Succession Planting Gardening Technique

Romaine Lettuce

Try Succession Planting to Spread out the Harvest

Harvesting your garden vegetables can seem like feast or famine. Your lettuce, corn, or beans come all at once, in quantities that you cannot possibly use or give away. At other times, there is nothing ready to harvest for dinner. Succession planting is a tried and true gardening technique, to help you spread the harvest over a much longer period.

Succession planting provides a continuous stream of vegetables, over an extended portion of the growing season. By practicing succession planting, your garden can produce lettuce and many other vegetables continuously, over the entire gardening season.

Did You Know? In addition to vegetables, you can apply succession planting to some herbs. For example, Basil is a good candidate.  

How Succession Planting Works

Succession planting is incredibly easy. However, it takes some planning. Lettuce is a great example of how to utilize succession planting. Instead of planting a large crop all at once, spread the planting out over several weeks. Divide your garden space into 3 or 4 sections. Sow lettuce seeds into these smaller areas about two weeks apart. Plant just enough for a week or two’s harvest. After the final planting, you often can use the space from the first section again for another crop.

Garden Tip: As summer approaches, use lettuce varieties that are more heat tolerant. Then, change back to cooler weather lettuce in the fall.

Make observations and keep notes on how well your succession plan worked. Next year makes changes, as necessary. The exact timing between harvests varies. Several factors affect the timing of each plants’ maturation. They include the grower, soil quality, plant variety, and weather.

Vegetables with a short growth cycle are potential candidates for succession planting. You can even practice this method of expanding the harvest period on longer growing vegetables like corn. 

With the first method, divide the garden space that you allot for corn into three or four portions. Then plant each section one to two weeks apart.

A second method is to choose four different varieties with four different maturity dates. Again, divide your garden space into three or four sections. But, this time, plant all varieties at once. A variation of this is to plant the early corn first, the next type one week or so later, and so on.

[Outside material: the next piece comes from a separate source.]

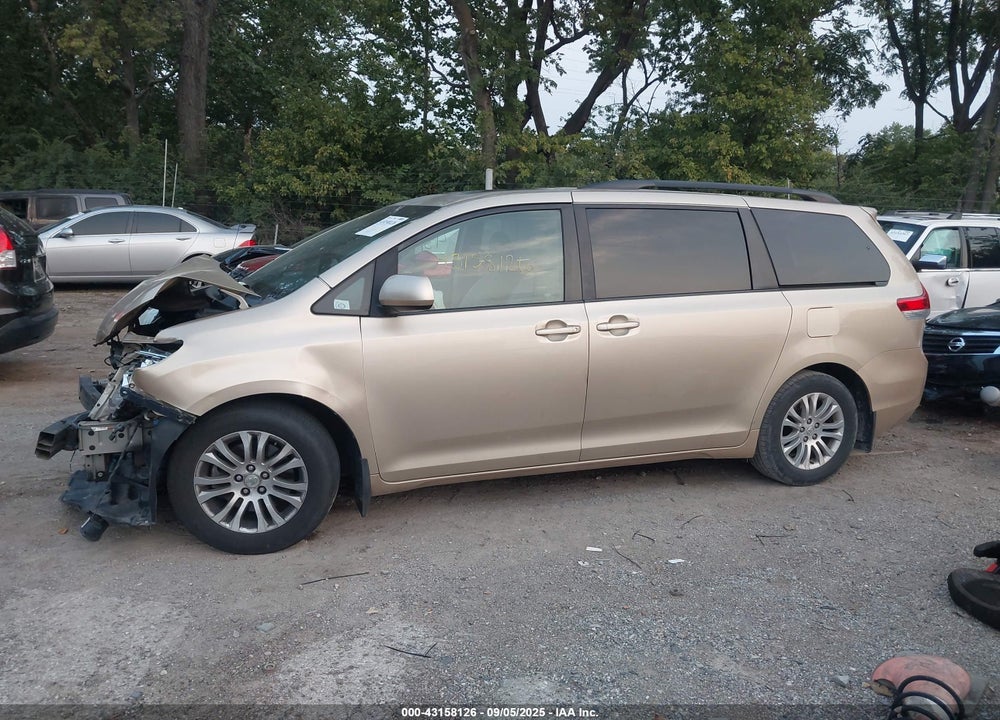 2011 TOYOTA SIENNA VIN: 5TDYK3DC2BS045525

If you are planting a lot of corn, this gives a small break in between harvests. While we all love corn on the cob, some people get tired of it, if eaten too frequently.

Try Succession Planting on These Vegetables

Excellent Choices

  • Carrots- Harvest small carrots as “baby carrots”, then a continuous harvest. Grow two or three plantings two weeks apart.

  • Lettuce and other greens – most types, especially non-heading ones do very well.

  • Radish, beets – Their short growing cycle makes them ideal candidates. But, how many can you eat at once!?!

  • Spinach – Switch to heat-tolerant varieties in the summer.

Good Candidates

  • Beans – plant every two weeks. Try different varieties!

  • Corn

  • Onions – Green onions work best

  • Peas – Peas have a short enough growing cycle, to grow spring and a fall crop. They do not grow well in mid-summer heat.

  • Zucchini – Two or three at most plantings per year.

Okay Choices

  • Cucumber – You can usually get two crops.